Loin des polémiques académiques des chercheurs travaillant autour de la signification de la république, notons le consensus de tous  autour de l’idée que dans une république «l’autorité de l’Etat, qui doit servir le ‘‘bien commun’’, s’exerce par la loi sur des individus libres et égaux».

Ce constat simple ouvre droit à des questions de plus en plus pressantes: sommes-nous dans un régime républicain? Étions-nous dans une république? Nous dirigeons-nous vers une république?...
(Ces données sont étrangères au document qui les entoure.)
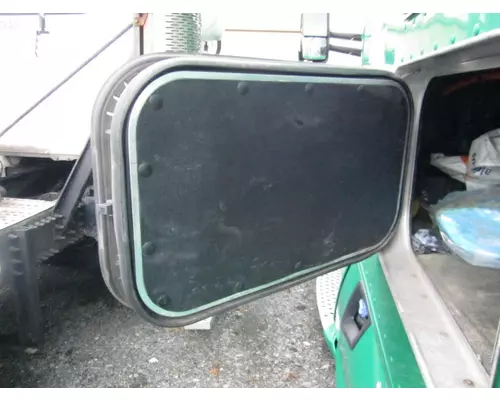KENWORTH T680 DOOR, COMPARTMENT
Bourguiba et la dissolution des règles républicaines

Sous Bourguiba, la Tunisie a mis en place des institutions dont le fonctionnement était clairement défini par des lois. Au début l’Etat exerçait son autorité sur la base de ces lois sauf qu’il avait une perception erronée du bien commun.

Habib Bourguiba et Wassila Ben Ammar.

Le traitement égal des citoyens a cessé de fonctionner et commence déjà la logique de ceux qui sont avec et ceux qui sont contre le régime. L’obstination de Bourguiba, le choix du parti unique et de la présidence à vie ont ouvert la porte à de multiples dérives du Psd. La liberté garantie par la république a ainsi pris un sale coup. L’honnêteté de Bourguiba, ses mains propres et son charisme n’ont pas pu empêcher la dissolution des règles républicaines qui ont cédé la place au favoritisme et à la répression.
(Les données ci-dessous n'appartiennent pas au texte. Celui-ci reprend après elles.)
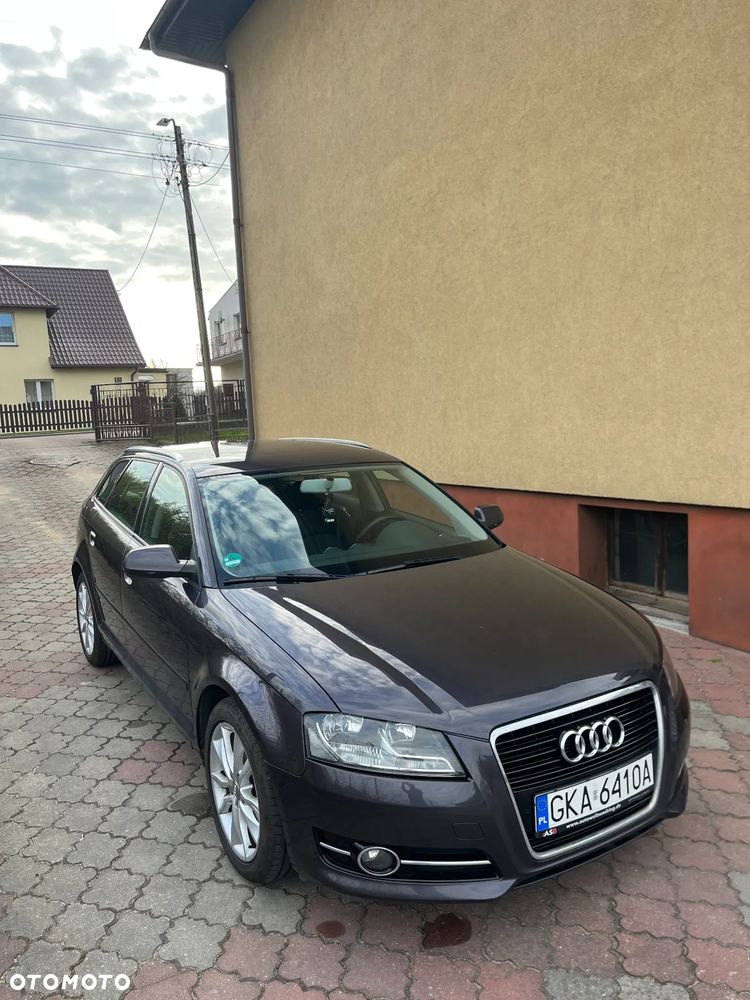 Audi A3 Sportback - 1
Bilan de l’époque bourguibienne: l’autorité de l’Etat sert le bien commun tel que défini par le «Chef Suprême» et l’exerce à travers des lois républicaines sur des individus libres et égaux à l’intérieur du système et opprimés et inégaux dès qu’ils s’opposent au régime en place.
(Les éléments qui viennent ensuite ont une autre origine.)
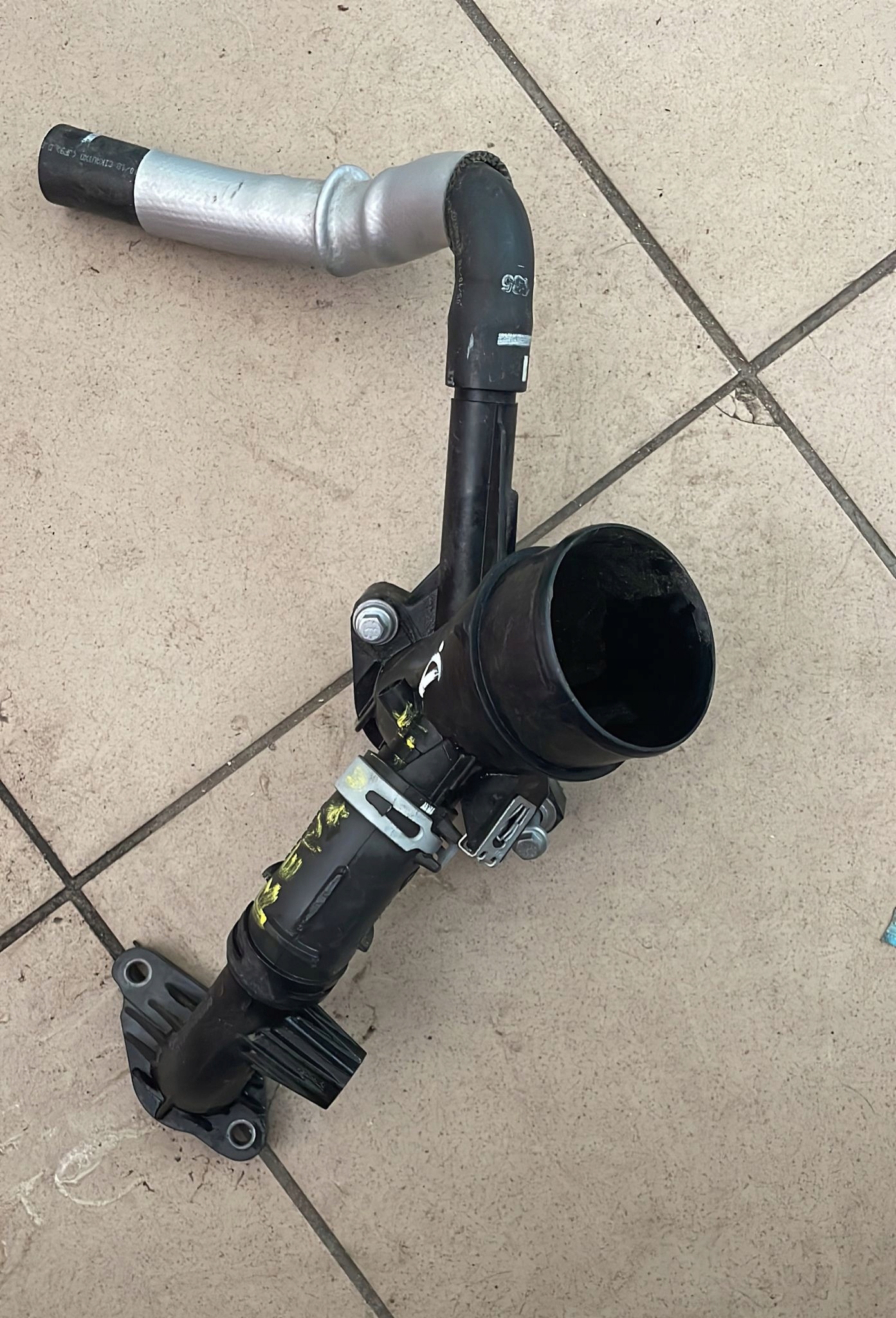 cijev prijenos termostata RENAULT 147137396R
Sous Ben Ali l’autorité de l’Etat sert le bien du clan au pouvoir

Sous Ben Ali, la Tunisie a connu deux phases. La première avait la prétention de remédier aux dérives du Bourguibisme. Cela n’a duré que quelques mois pour que les Tunisiens se rendent compte que sous la nouvelle ère la liberté et l’égalité des citoyens sont de plus en plus menacées. Une dictature policière vient de s’installer avec un recul flagrant des libertés fondamentales. Mais contrairement aux dernières années de Bourguiba, les nouveaux gouvernements, désormais technocrates et moins politisés, ont pu améliorer le service rendu au bien commun en contrepartie d’une montée de la répression qui a fini par toucher tous le monde. En somme on était sous une «autorité de l’Etat qui sert le bien commun et s’exerce par des lois sur des individus égaux dans la répression».

La deuxième phase de l’ère Ben Ali a connu un tournant grave: il n’y a plus de bien commun. Entouré par une mafia de Trabelsi mal éduquée et déchainée, grâce à l’oppression de tous, le système de Zaba a plongé le pays dans un gouffre: l’autorité de l’Etat sert le bien des Trabelsi et Ben Ali et s’exerce par des lois sur des individus égaux dans la répression.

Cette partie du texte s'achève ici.